Moving nuclear medicine from concept to the clinic
Bringing nuclear medicine into clinical practice faces several challenges, particularly its high cost and the limited availability of medical isotopes. There is also a lack of trained nuclear medicine professionals and radiopharmacists, as well as infrastructure limitations that restrict access to advanced imaging and therapy. This is most pronounced in lower-income countries.
Expanding stocks of isotopes, growing the workforce, and enhancing access to care are all long-term issues that will take dedicated resources to address. However, the future could be promising given the level of investment and projected growth in this field.

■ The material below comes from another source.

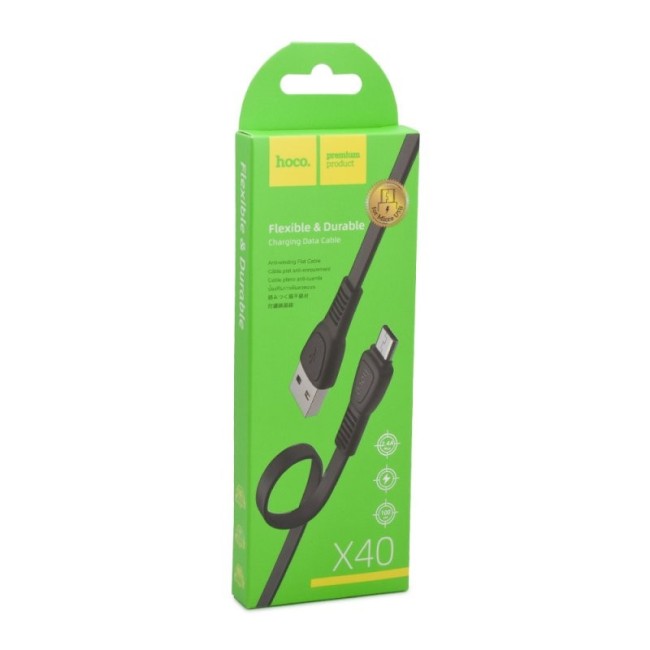 Usb Кабель-зарядка Micro Hoco X40 1м чёрный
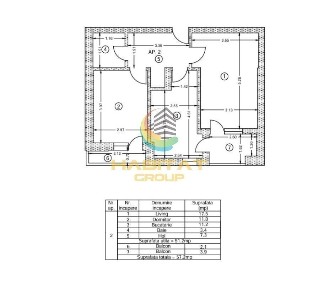 Apartament 2 camere decomandat aproape de M Berceni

The nuclear medicine sector experienced remarkable growth in 2024, driven by a surge in capital investment and strategic consolidation. According to PitchBook, total investment in the field soared to $14.86 billion, more than tripling the amount invested in 2023. This momentum was further amplified by a wave of high-profile acquisitions as major pharmaceutical companies moved swiftly strengthened their positions in the expanding market, such as AstraZeneca’s $2.4 billion acquisition of Fusion Pharmaceuticals to advance targeted alpha therapies.
Hurdles remain to the wider application of theranostics and nuclear medicine, but more innovations are bringing us ever closer to “see it, treat it” with cancer and other debilitating diseases.